第45話 古文書の内容

報道が出た日ホテルから一歩足を踏み出すと報道陣がここぞとばかりに詰めかけていた。 パシャパシャとなるカメラのシャッター音と突き出されるマイク。喧騒により聞こえないインタビューの声。トオルに昔はそれぐらい許してやれと言った記憶があるが、確かにプライバシーが侵害されるのはいい気分ではない。


私は何人かの質問に答えていた。

「大統領選に出馬する意向は今のところないわ」

「記事については私の許可を得ているわけではないので信用できるものではないわ」

「現在のところ言えるのはそれだけだわ」


それだけ答えるとボディーガードと一緒に外出した。

最近お金を出して作った防弾付きの SUV に乗ってリサの元を訪れていた。CNN との歌と著作権、肖像権についての契約書をリサに頼むためだ。
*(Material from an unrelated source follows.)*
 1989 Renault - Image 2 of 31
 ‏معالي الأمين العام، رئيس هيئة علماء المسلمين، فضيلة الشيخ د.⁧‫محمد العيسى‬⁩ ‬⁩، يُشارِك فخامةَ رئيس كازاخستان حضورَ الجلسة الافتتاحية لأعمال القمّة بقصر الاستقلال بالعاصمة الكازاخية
リサと契約書についての話が終わった時に聞いたが、どうやら大統領選出馬の噂はロズウェルが出したいらしい。抜け目がない敏腕記者らしい。嫌らしい噂の出し方だった。ニュースソースの私が否定しにくいの分かっているのだ。 CNN とロズウェルに又もや一杯食わされた。
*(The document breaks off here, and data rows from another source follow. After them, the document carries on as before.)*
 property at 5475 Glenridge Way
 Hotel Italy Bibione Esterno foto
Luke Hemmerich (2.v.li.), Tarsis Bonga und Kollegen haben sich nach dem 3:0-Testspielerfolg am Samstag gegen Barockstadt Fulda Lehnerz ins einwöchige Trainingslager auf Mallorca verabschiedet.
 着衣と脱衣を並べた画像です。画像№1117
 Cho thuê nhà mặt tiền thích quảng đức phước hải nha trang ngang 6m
そんな愚痴を聞いてもらったスッキリしていた頃に携帯電話が鳴った。 エリザベートからの電話で古文書の解析が進み一部読めるようになったので一度来て欲しいという話だった。本来は碑文に掛かれし古代語が正解だが、フォトでまとめて一冊の本と化しているので、古文書と私たちは呼んでいる。


巨大IT企業に到着すると既に門では待ち構えるようにミッシェルがいた。ミッシェルから中に入るための ID を受け取ると案内された会議室で話を聞いた。


古文書は4部の構成に分かれていた 。元々精霊のいる場所が4箇所になっていたので、その影響なのかもしれない。


一部はドラゴンの危険性と封印について書かれていた。

二部は精霊のいたずらと人間性との関係

三部はドラゴンと精霊の関係

四部はドラゴンの封印の仕方と5番目の精霊について書かれていた


内容を読んで行ってみると・・・・・・・・・

ドラゴンは子を宿すというよりは自分が進化するという独自の繁殖方法になっていた。 そしてドラゴンの進化には大量のエネルギーが必要で周りにいる人間もその被害に遭う可能性があるので覇王が封印したと書かれていた。

そして精霊を宿した人間は精霊のいたずらにより精神的な影響を受けやすく。精霊を宿した者同士が惹かれ合う性質がある 。この精霊を宿した人間同士が結ばれることにより新たな生命が生まれる。その生命は精霊への親和性の高い子供か、あるいは第五の精霊と呼ばれる高次元体が生まれる時がある


ドラゴンは精霊を従える性質がある。そしてドラゴンが進化する際に全ての精霊を喰らう事でドラゴンは新たな進化を得る


ドラゴンの封印の仕方については詳しい部分は読めなかった。第五の精霊についても解析が上手くいかないため、よく読めないらしい。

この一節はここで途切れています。